Perioperative chemotherapy with pemetrexed and cisplatin for pulmonary large-cell neuroendocrine carcinoma: a case report and literature review

Hong Tang, Hongyan Wang, Shaoyan Xi, Chunyu He, Yuxi Chang, Qiming Wang, Yufeng Wu, Hong Tang, Hongyan Wang, Shaoyan Xi, Chunyu He, Yuxi Chang, Qiming Wang, Yufeng Wu

Abstract

Background: Pulmonary large-cell neuroendocrine carcinoma (LCNEC) is associated with poor prognosis, and its treatment strategy is still controversial, especially regarding chemotherapy regimens.

Case report: We present the case of a 49-year-old Chinese male with primary pulmonary LCNEC treated with neoadjuvant and adjuvant chemotherapy with cisplatin plus pemetrexed. A suspected quasi-circular mass in the left lower pulmonary lobe and an enlarged mediastinal lymph node were found. The patient was diagnosed with adenocarcinoma with neuroendocrine differentiation based on computerized tomography-guided percutaneous lung biopsy. An EGFR gene mutation test showed negative results. Cisplatin and pemetrexed were administered as the neoadjuvant chemotherapy regimen. The primary lesion had reduced markedly, and the enlarged mediastinal lymph node had disappeared after two cycles of neoadjuvant chemotherapy. A left lower lobectomy and mediastinal lymph node dissection were performed. The lesion was confirmed as LCNEC based on postoperative histopathological analysis and immunohistochemical results. The patient underwent four cycles of adjuvant chemotherapy with cisplatin and pemetrexed for a month postoperatively, followed by postoperative adjuvant radiotherapy. The patient was still alive after a follow-up of 24 months, with no evidence of tumor recurrence.

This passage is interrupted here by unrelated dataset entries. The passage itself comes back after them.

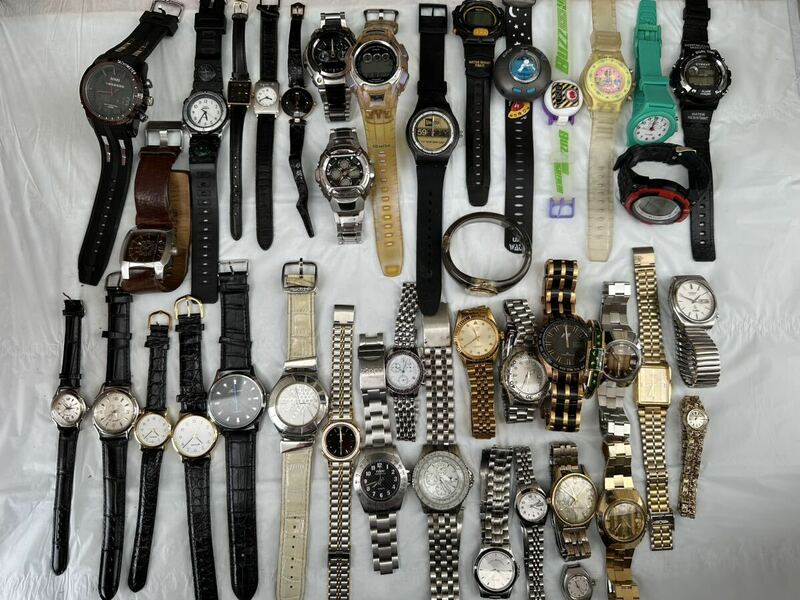 腕時計 約40個まとめ売り /ジャンク 現状品 / CHANDLER SEIKO CASIO G-SHOCK CITZENハイグレードモデル HILTON CAMUS ROOATIS SWATCH 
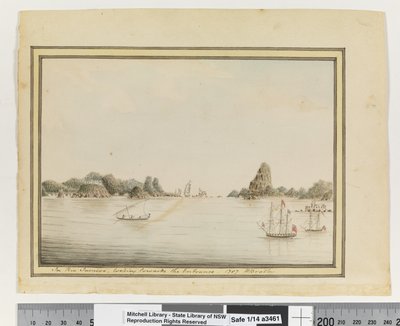 Em frente, p. 36. "No Rio de Janeiro, olhando para a entrada. 1787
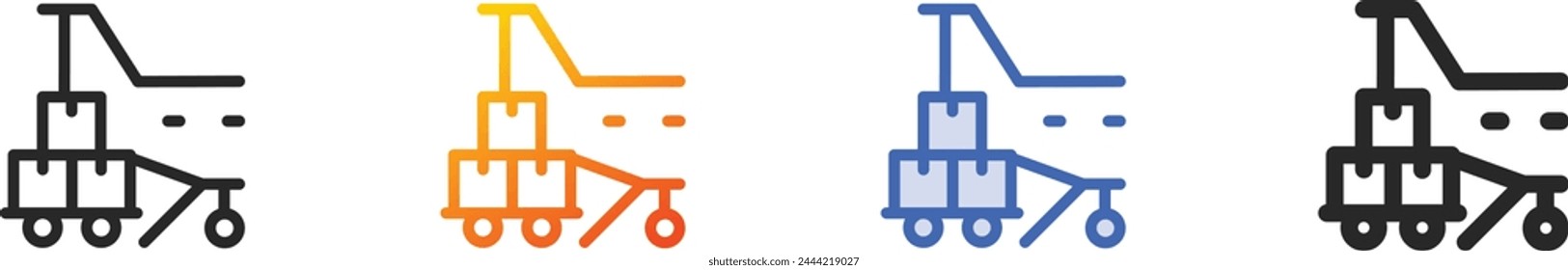 air icon.Thin Linear, Gradient, Blue Stroke and bold Style Design Isolated On White Background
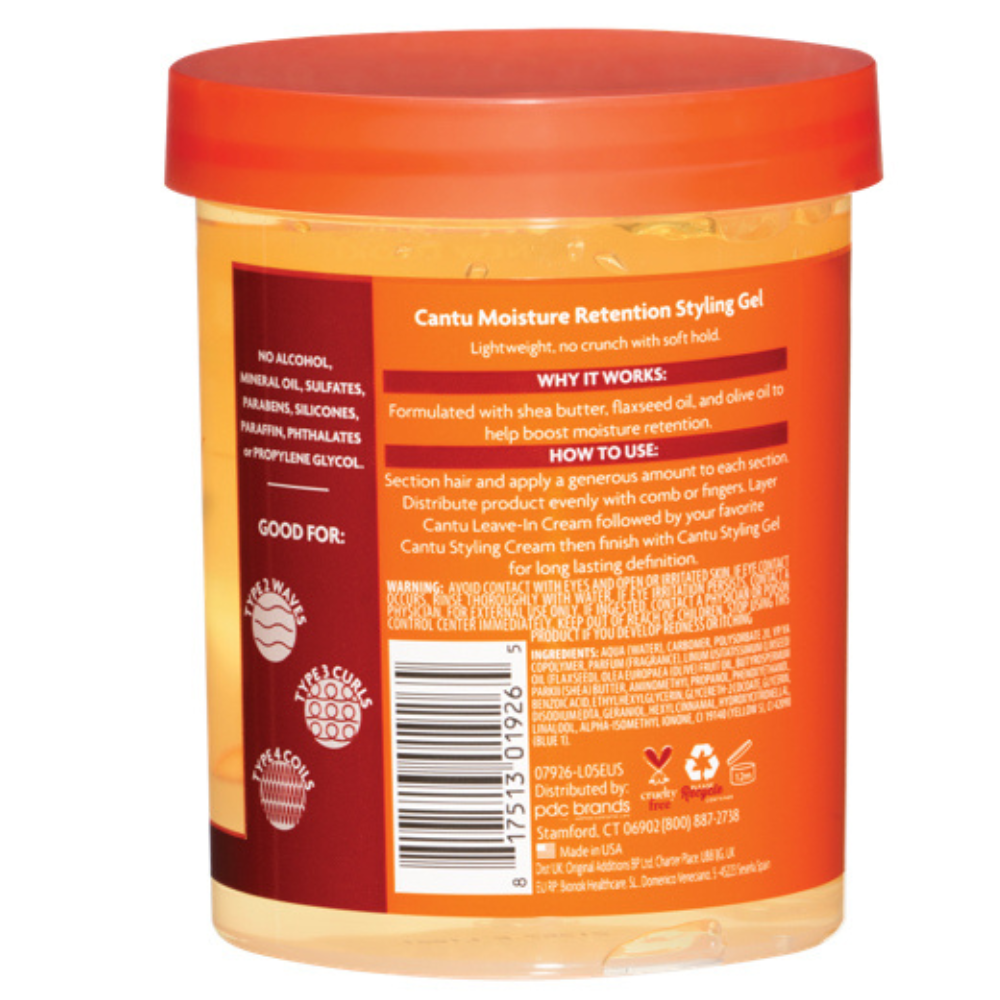 Cantu Shea Butter Maximum Hold Styling Gel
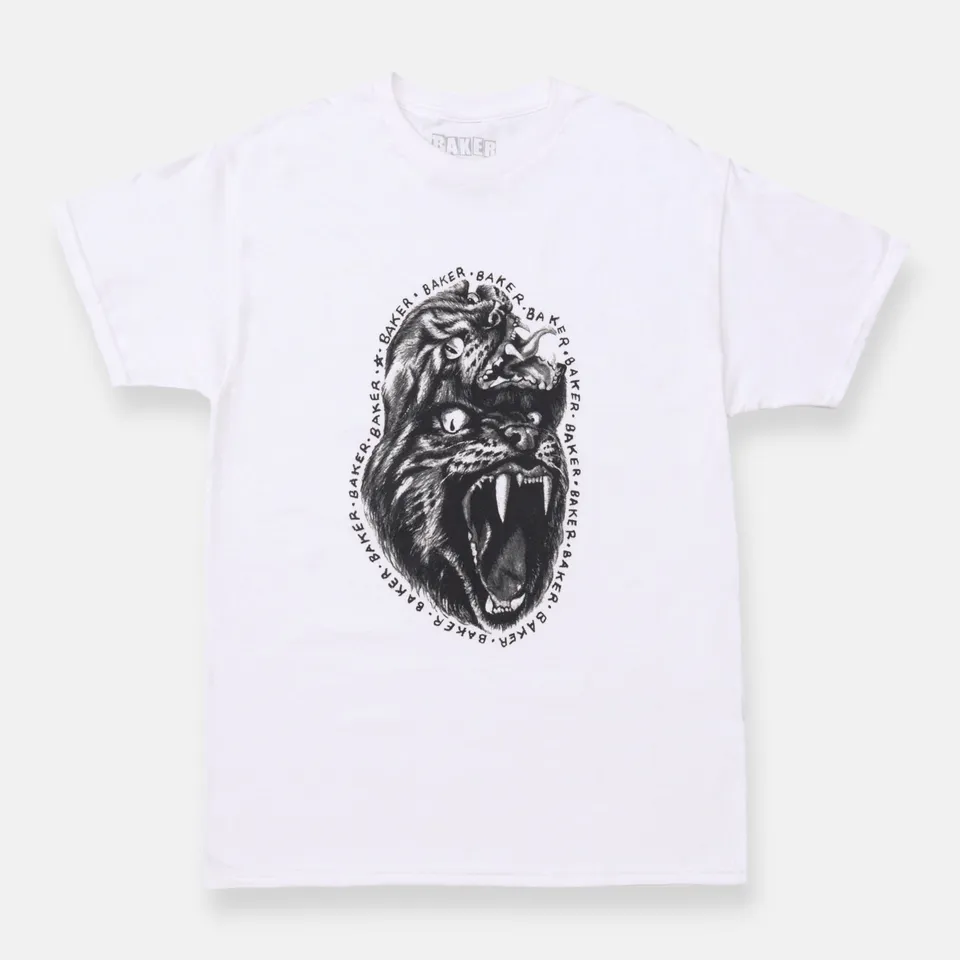 baker-skateboards-fried-beast-tee-maglietta-art-kevin-spanky-long image 1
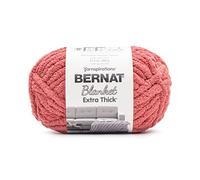 Bernat Manta de lana de arcilla extra gruesa, 1 paquete de 600 g/21 oz-Poliéster-7 Jumbo-Knitting/Crochet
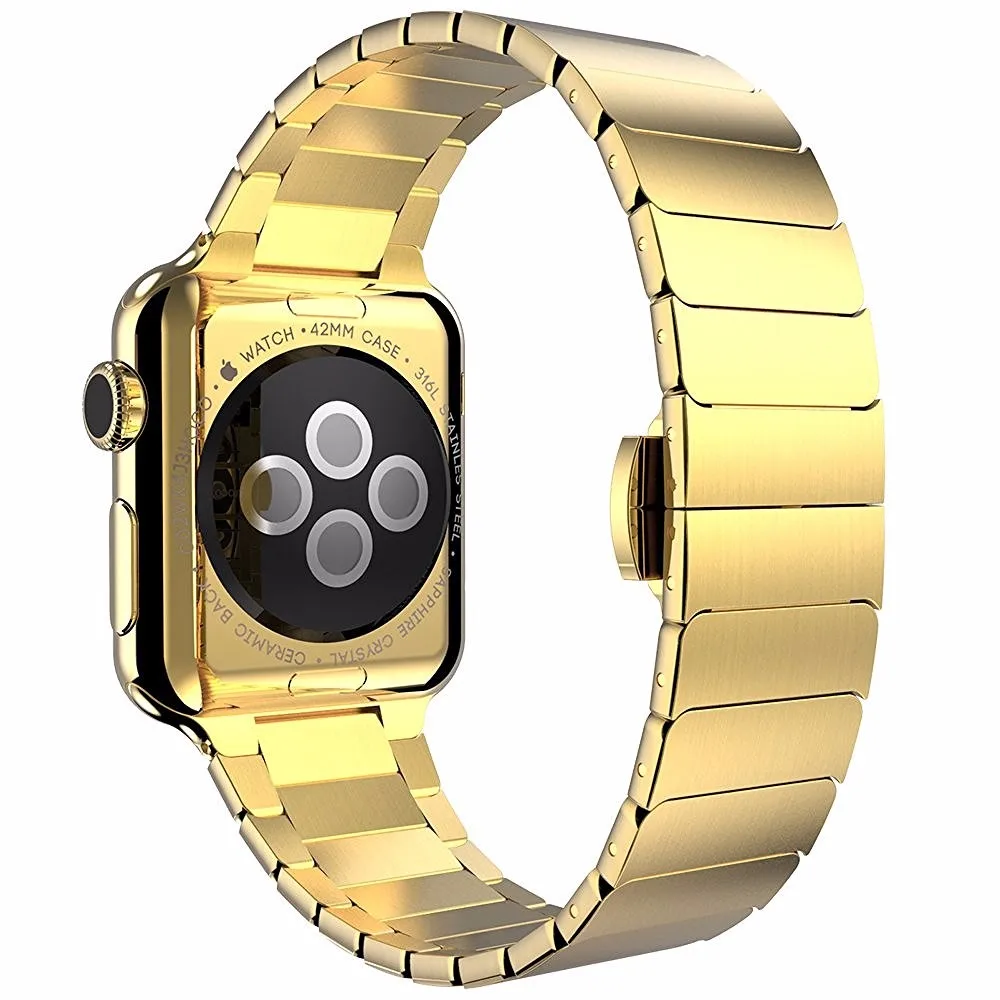 Роскошный металлический браслет для apple watch, ремешок для apple watch 5, 4, 3, 2, 1, 44 мм, 40 мм, iWatch, ремешок для часов 38 мм, 42 мм, браслет для apple watch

Conclusion: Cisplatin combined with pemetrexed is effective and safe for patients with pulmonary LCNEC.

Keywords: cisplatin; large-cell neuroendocrine carcinoma; pemetrexed; pulmonary tumor.

Conflict of interest statement

Disclosure The authors report no conflicts of interest in this work.

Figures

Figure 1
Figure 1
Prior to neoadjuvant chemotherapy, computerized tomography images of chest in March 2015 indicated a quasi-circular mass in the left lower pulmonary lobe, together with an enlarged mediastinal lymph node.
Figure 2
Figure 2
Histopathological examination of the biopsy specimen revealed a poorly differentiated adenocarcinoma with neuroendocrine differentiation (A, ×100), immunohistochemical staining for CK (B, ×200), CK7 (C, ×200), Ki-67 (D, ×200), P63 (E, ×200), and transcription factor-1 (F, ×200). Abbreviation: CK, cytokeratin.
Figure 3
Figure 3
After two cycles of pemetrexed with cisplatin neoadjuvant chemotherapy, computerized tomography images of chest in May 2015 indicated that the left lower lobe tumor shrank significantly than before and the enlarged mediastinal lymph node almost disappeared.
Figure 4
Figure 4
Histopathological examination of surgical specimens revealed LCNEC. Notes: H&E staining for specimens (A, ×200) and immunohistochemical staining for CD56 (B, ×200), synaptophysin (C, ×200), chromogranin-A (D, ×200), neuron-specific enolase (E, ×200), and NapsinA (F, ×200). Abbreviations: CD56, cluster of differentiation 56; LCNEC, large-cell neuroendocrine carcinoma.
Figure 5
Figure 5
Computerized tomography images of chest indicated that no evidence of recurrence has been detected during the 24-month follow-up. (A and B) Images in June 2015; (C and D) Images in March 2017. (A and C) Images of vertical window; (B and D): images of lung window.